**Exercise data**
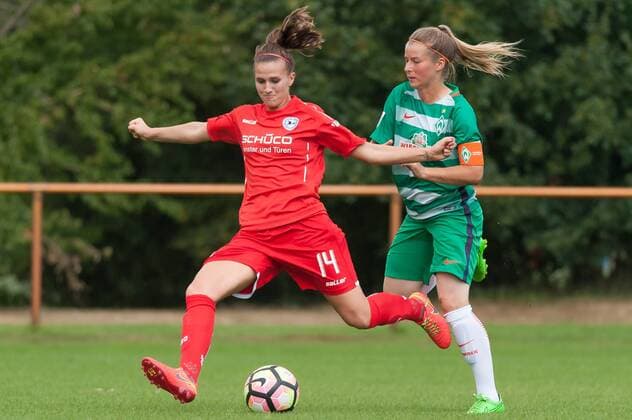 v.li.: Annabel Jäger (Jaeger, DSC Arminia Bielefeld, 14) im Zweikampf mit Marie-Louise Eta (SV Werder Bremen, 6), Fussball, 2. Frauen-Bundesliga Nord, SV Werder Bremen - DSC Arminia Bielefeld, xobx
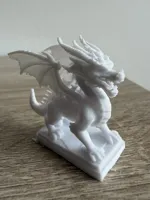 Statue de dragon en colère — photo 2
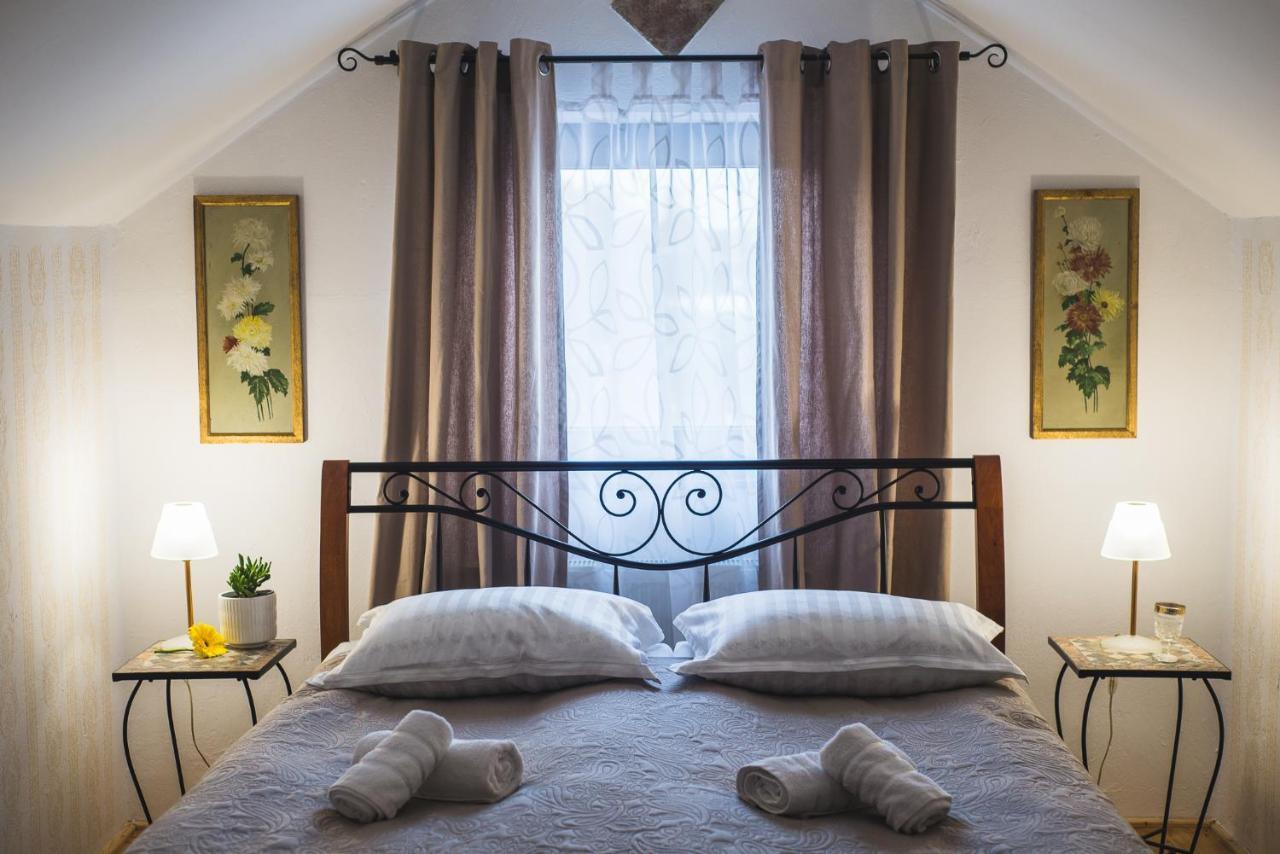 Tri Mudraca Inn Karanac エクステリア 写真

**Action item**
Could you give the material above again, exactly and without its pictures?

**Answer**
 v.li.: Annabel Jäger (Jaeger, DSC Arminia Bielefeld, 14) im Zweikampf mit Marie-Louise Eta (SV Werder Bremen, 6), Fussball, 2. Frauen-Bundesliga Nord, SV Werder Bremen - DSC Arminia Bielefeld, xobx
 Statue de dragon en colère — photo 2
 Tri Mudraca Inn Karanac エクステリア 写真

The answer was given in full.